Image: Reddit / Is_It_Me_or_Not

Microsoft released a number of bugs earlier this week through the annual first update of Patch Tuesday, but it appears that a bug that has not been used for a long time has yet to be addressed. According to @jonasLyk, a short, single-line command delivered by a specially crafted file can damage any Windows 10 NTFS formatted hard drive.

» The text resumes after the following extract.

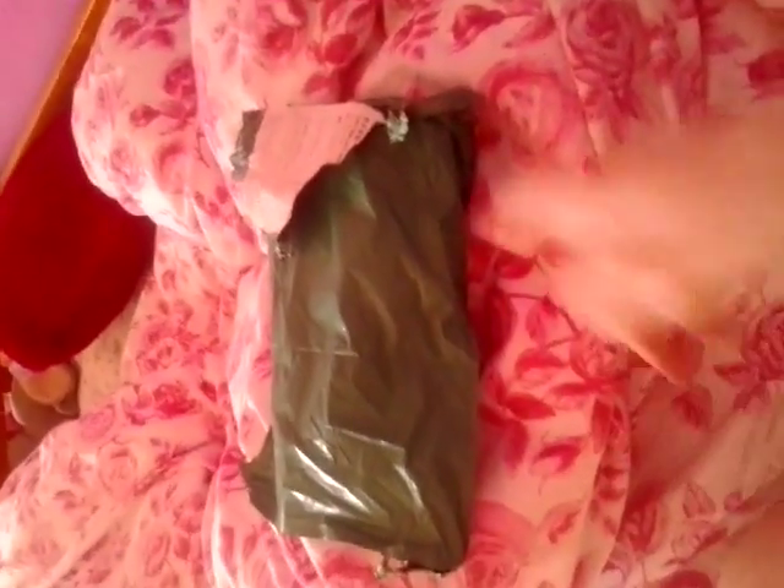I just got my first squishy package in the mail today and I've already opened the bag — I just didn't want to do it on camera because it'd be really hard to do with one hand. I also got in the mail my new Lush magazine because I order from there a lot. Sorry, my voice is weird because I just woke up.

The command is delivered by means of a zip, shortcut, HTML or other vectors, and it causes the hard disk error which damages the file system index without even requiring administrative privileges.

New RS_PRERELEASE Build 21292 is available with a lot of fixes and an improvement to the privacy settings

Windows 10 NTFS Vulnerability Critically Underestimated

Jonas says that this Windows 10 bug is not new and that it has been around since the release of Windows 10 April 2018 Update, and that it can also be used on the latest versions. BleepingComputer shared that the problematic assignment includes $ i30 string, a Windows NTFS index attribute associated with directories.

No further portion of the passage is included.